An increase in IL-6 and IL-18 in the small intestine has been correlated with decreased villus height in the small intestine following EtOH intoxication and burn injury 20, 31. Furthermore, both IL-6 and IL-18 are also implicated in lung edema following EtOH intoxication and burn injury 21, 37. However, the mechanism by which increased IL-6 and IL-18 in mice given EtOH and burn injury causes tissue damage in 3 different organs remains largely unknown. One potential common denominator to these cytokines is the recruitment of neutrophils to different organs observed in these mice. Earlier studies in the past have shown that the depletion of neutrophil prior to injury protects organ function following burn and trauma-hemorrhage 38, 39. Consistent with these findings we also observed that depletion of neutrophil prevent the increase in intestine tissue damage following EtOH and burn injury 40. We showed recently that IL-18 plays a critical role in neutrophil superoxide anion production and their recruitment to lung and intestine following EtOH and burn injury 20, 21, 40. A similar role for IL-18 was demonstrated in experimental models of sepsis 41. In another study, intratracheal administration of IL-18 resulted in increased neutrophil infiltration and lung vascular permeability 35. Thus, it is likely that these cytokines directly or via up-regulation of chemokines such MCP-1 may cause an increase in the neutrophil recruitment. MCP-1 is known to recruit monocytes 42; however, there is evidence that MCP-1 enhances intercellular adhesion molecule-1 (ICAM-1) expression 43, a step critical to the recruitment of neutrophils. Thus MCP-1 may facilitate the neutrophil recruitment via ICAM-1. Similarly IL-6 and IL-18 is shown to up-regulate the expression of ICAM-1 and other chemokines critical to neutrophil recruitment.

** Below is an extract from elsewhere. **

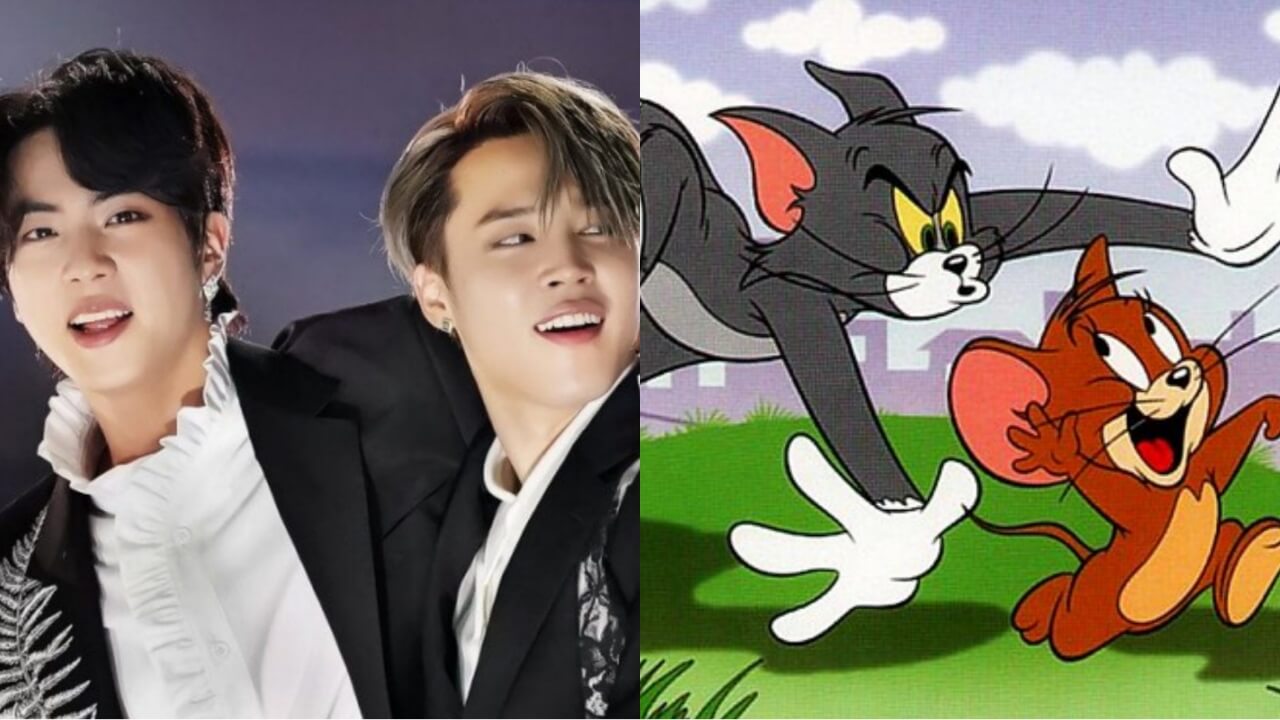 BTS Members Jin And Jimin's Tom And Jerry Version Goes Viral; See Video |  IWMBuzz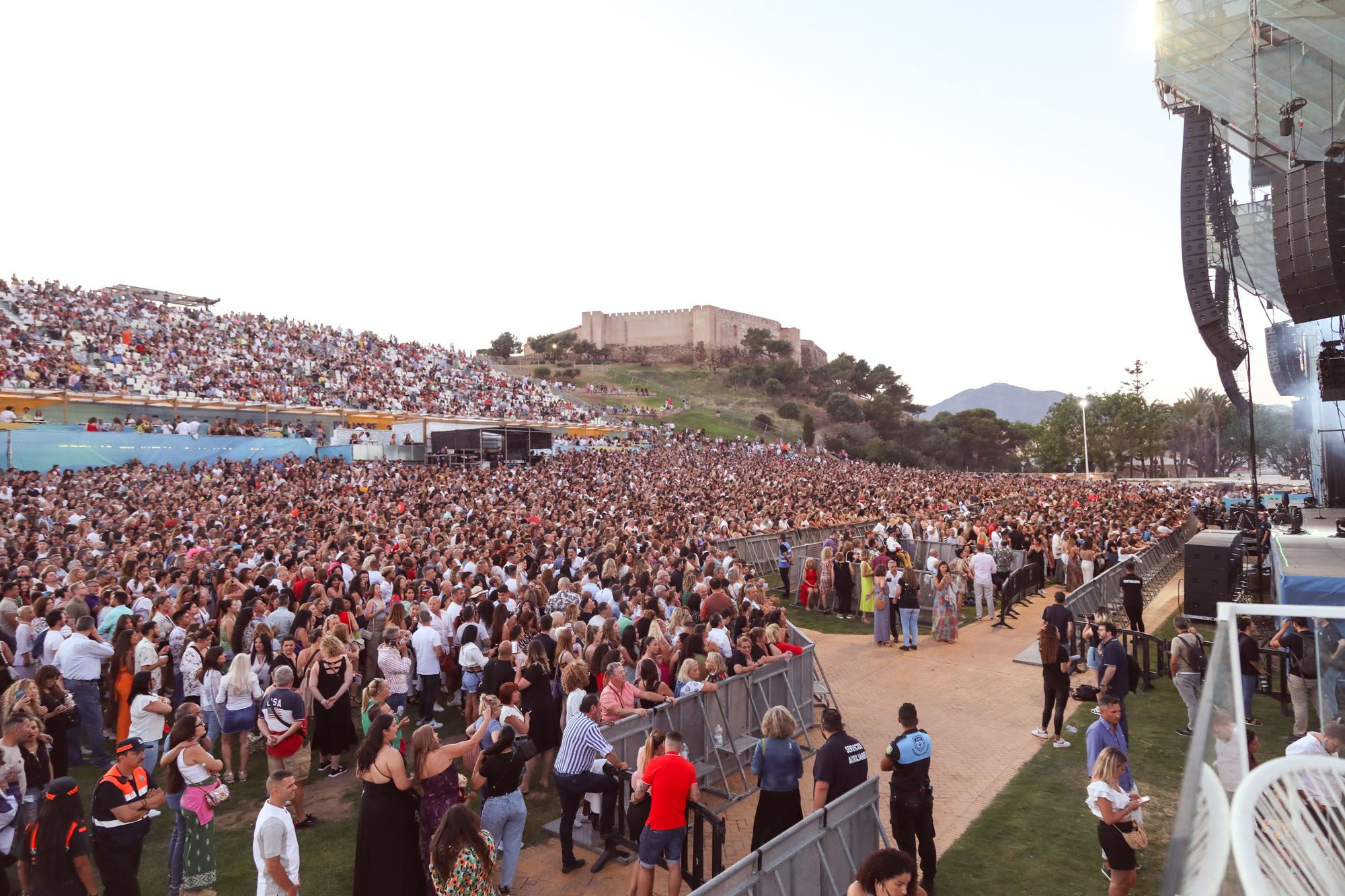 El concierto de Marc Anthony en el Marenostrum Fuengirola, en imágenes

Regardless the mechanisms, once the neutrophils are recruited, they may contribute to the tissue damage (i.e., edema formation) observed in mice given EtOH and burn injury. Neutrophils are among the first line of defense against invading pathogens and thus they recruit to the site of inflammation within a short period of time after injury 21, 38, 40, 44. After destroying the invading pathogens, neutrophils undergo apoptosis and are cleared by macrophages. In a recent study, we observed that EtOH combined with burn injury prolonged their presence in intestine 40, 44. Whether this increase in neutrophil presence is due to a delay in their apoptosis or an increase in their flux remains to be established. Nevertheless, their prolong presence in the tissue may result in increased O2 and proteases accumulation. Although such an increase in O2 and proteases should be helpful in killing bacteria and other invading pathogens, their prolonged presence and accumulation in excess are considered to be the major determinants in tissue damage in multiple organs in various inflammatory conditions 4547.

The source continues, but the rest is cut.